* **Work to be completed**:
Nothing but the pictures should be dropped; repeat the rest of the data below exactly.

* **The data**:

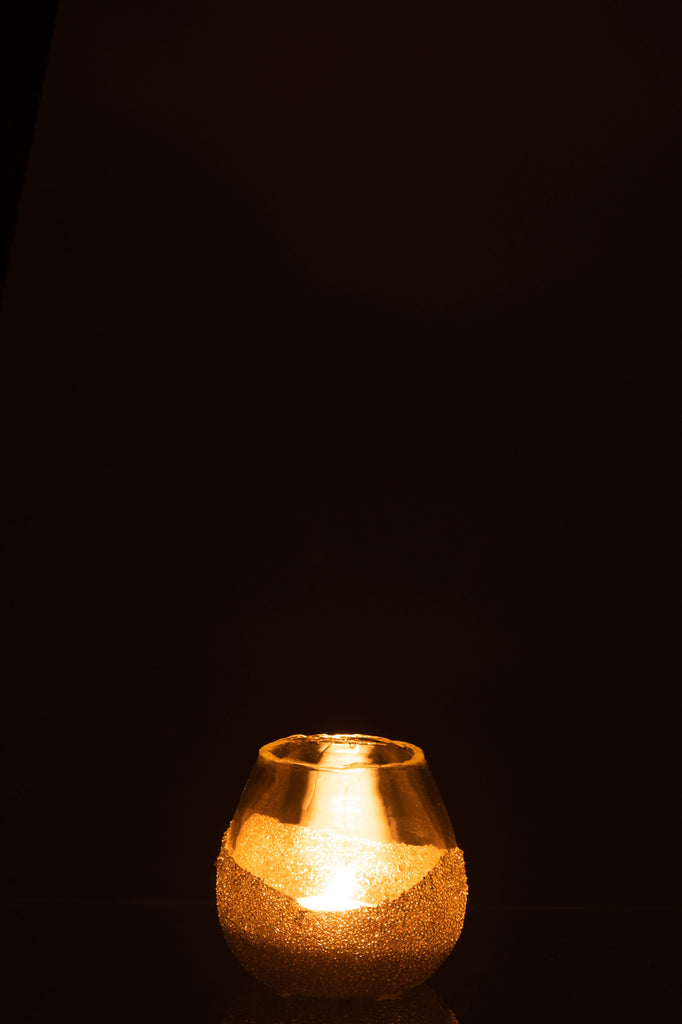 Tealight Holder Half Pearls Round Glass Gold Small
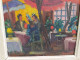 Delcampe - Ancien Tableau Terrasse De Restaurant Animée Fauvisme Signé - Oelbilder
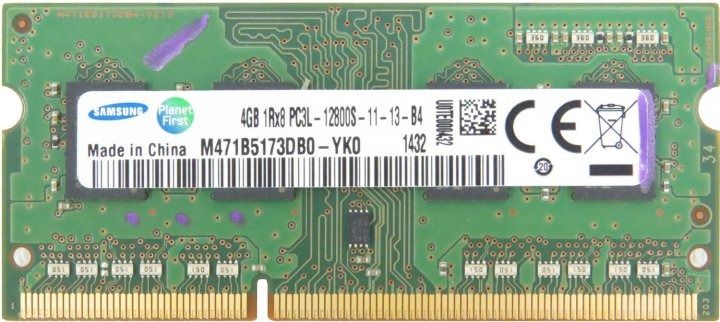 Оперативная память Samsung 4 GB SO-DIMM DDR3L 1600 MHz (M471B5173DB0-YK0) Refurbished (Восстановленная)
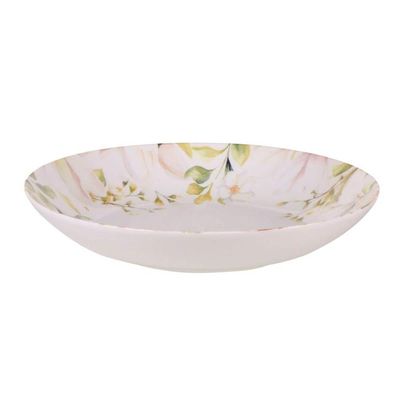 Jogo 6 Pratos Fundos 22cm Porcelana Tramontina Magnólia Sopas Caldos Mesa Posta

* **Task result**:
 Tealight Holder Half Pearls Round Glass Gold Small
 Delcampe - Ancien Tableau Terrasse De Restaurant Animée Fauvisme Signé - Oelbilder
 Оперативная память Samsung 4 GB SO-DIMM DDR3L 1600 MHz (M471B5173DB0-YK0) Refurbished (Восстановленная)
 Jogo 6 Pratos Fundos 22cm Porcelana Tramontina Magnólia Sopas Caldos Mesa Posta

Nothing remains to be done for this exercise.